======== DATA SECTION
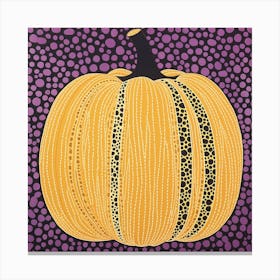 Yayoi Kusama Inspired Pumpkin Purple And Yellow 1 Canvas Print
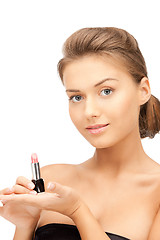 Image showing beautiful woman with lipstick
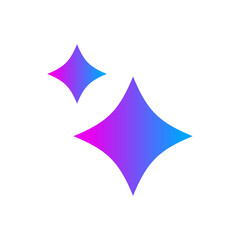 Fototapeta premium Generative AI star and magic sparkles star logo icon with colorful gradient and flat design, modern artificial intelligence and spark star symbol for creative tools and designs.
================
EXERCISE REQUIREMENTS -> What you return should be the whole listing, word for word, without its pictures.

PROBLEM SOLUTION ->
 Yayoi Kusama Inspired Pumpkin Purple And Yellow 1 Canvas Print
 Image showing beautiful woman with lipstick
 Fototapeta premium Generative AI star and magic sparkles star logo icon with colorful gradient and flat design, modern artificial intelligence and spark star symbol for creative tools and designs.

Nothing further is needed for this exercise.